Миф не только предопределяет мироощущение древнего человека, картину мира в древности, но и через мифологическое мироощущение (ментальность), через мифологические представления о времени и пространстве влияет на формы и содержание всех сфер античной культуры.

Общеизвестно, что архитектура античности носит в первую очередь храмовый характер; в пластике главными персонажами являются боги; трагедия разрабатывает исключительно мифологические сюжеты; и даже древние философы-материалисты первопричиной всего сущего полагают божественное начало.

Еще Ф.Шеллинг говорил, что миф – это необходимое условие и первичный материал мыслительной и художественно-эмоциональной жизни древнего человека. Посредством мифа греки и римляне познавали, структурировали и делали для себя понятным тот природно-социальный «космос», частью которого они себя ощущали. И религия, и наука, и мораль, и искусство греков «вышли» из мифологии, они обусловлены и опосредованы мифологизмом.

Миф, в котором живут, символизирует особую ментальность. В ней центральные мироощутительные категории (такие, как время, пространство, тип и форма мышления) получают специфическое наполнение. «Вневременное» состояние древнего человека, живущего в мифе, весьма оригинально определено О.Шпенглером (немецким философом начала XX в.) как состояние человека, пребывающего в «культуре без памяти». «Культура без памяти» - «культура без прошлого» - культурный мир не текущий, а пребывающий «…все это ассоциации одного порядка, говорящие о «точечном», вневременном мироощущении античного человека, воспринимающего мир в покое или движении по кругу».

Мифологизирующая античность – это детство человечества; именно поэтому греки и римляне мыслили себя частью вечного Космоса, не выделяя себя из природы и не противопоставляя себя ей. Подобно детям, они одушевляли окружающий мир, растения, предметы и формировали свое миропонимание (в том числе и понимание времени), отталкиваясь от образно-космологического восприятия процессов, в этом окружающем мире протекающих. Один из самых очевидных и легко усваиваемых мотивов в жизни природы – тема вечного круговорота: день сменяется ночью, за ночью вновь возвращается день; движется по кругу солнце, являя миру поочередно восход, закат и вновь восход; природа неустанно переходит от цветения к смерти и от смерти к рождению, замыкая это в некий вечный круг.
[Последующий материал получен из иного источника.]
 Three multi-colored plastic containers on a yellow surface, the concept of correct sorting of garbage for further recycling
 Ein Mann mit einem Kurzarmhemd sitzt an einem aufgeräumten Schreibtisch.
Этот мотив круговращения обуславливает «вневременное», «точечное» мировосприятие античного человека, у которого, говоря словами О.Шпенглера, «знание хронологии и наблюдение звезд не перешло во внутреннее ощущение текучести времени». Именно поэтому, полагает О.Шпенглер, можно говорить об «античном равнодушии ко времени»; именно поэтому столь несущественной принадлежностью обихода были тогда гномон и клепсидра (соответственно – солнечные и водяные часы). О «вневременности» античного сознания свидетельствуют и такие черты «культуры без памяти», как обычай погребального сожжения, крайне редкое обращение скульпторов к теме детства и один и тот же устойчиво повторяющийся (от Гомера до Сенеки) круг художественных образов.

Античные философы полагали, что движение по кругу имеет циклический характер. В пределах каждого цикла, продолжающегося, по убеждению Гераклита и стоиков, тысячи лет, мир, возникший из огня, исчерпывал все возможности, заложенные в нем, и огнем же поглощался, после чего следовало новое рождение мира, в точности повторяющего предшествующий.